According to Atel Ajha, chief operating officer (COO) of Spectranet, who spoke on behalf the operators at a forum organised by the NCC on the ‘Best Option for Licensing the Remaining Slots in the 2.3Ghz Band’, argued that instead of selling the remaining slots to fresh operators, they should be given the opprotunity to buy it.
He said that the standard practice all over the world is that operators in the band range get 30 MHz, suggesting that guardband of between 2.3Ghz and 2.4Ghz should also be provided to take care of interference and spurious emission.

He added that their request is based on the need to extend service delivery to other states of the federation with superior technology and new customers’ experience.
implying that planning must provide for future technology requirement,” he warned that the proposal of the NCC to open bid for the 30 MHz would unleash an era of “unfair competition” on the industry.
Ajha lamented that there are no significant wireless operators in the country when in fact, globally, they are the ones that provide the primary network operations.

He said ,international bandwidth rate in the country is one of the highest in the world, adding that when the country is compared globally, its national long distance and metro network is too exorbitant so is the rental cost too.
He fears that if another operator is licensed and that operator has infrastructure like international carrier licence as well as metro and national long distance fibre ownership it may lead to cross-subsidy on ISPs, creating an “unfair competition” in the industry.

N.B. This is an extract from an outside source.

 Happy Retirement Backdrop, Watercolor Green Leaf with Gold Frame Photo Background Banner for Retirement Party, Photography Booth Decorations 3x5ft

The Executive Vice Chairman and chief CEO of the NCC, Eugene Juwah, said convening the forum in line with the NCC’s participatory regulatory approach. “The objective of this forum, in line with the Commission’s policy of participatory regulation amongst other things is to provide an avenue for stakeholders and users of the 2.3 GHz band to discuss, technically criticise, exchange ideas and proffer options that will help the Commission in arriving at a decision on the further licensing of the remaining 40 MHz bandwidth in the band for the benefit of all Nigerians.

He added that the forum is remarkable as due to the presence of highly respected presenters with decades of practical experience at their disposal to deliberate on options and challenges as it relates to further licensing of the band.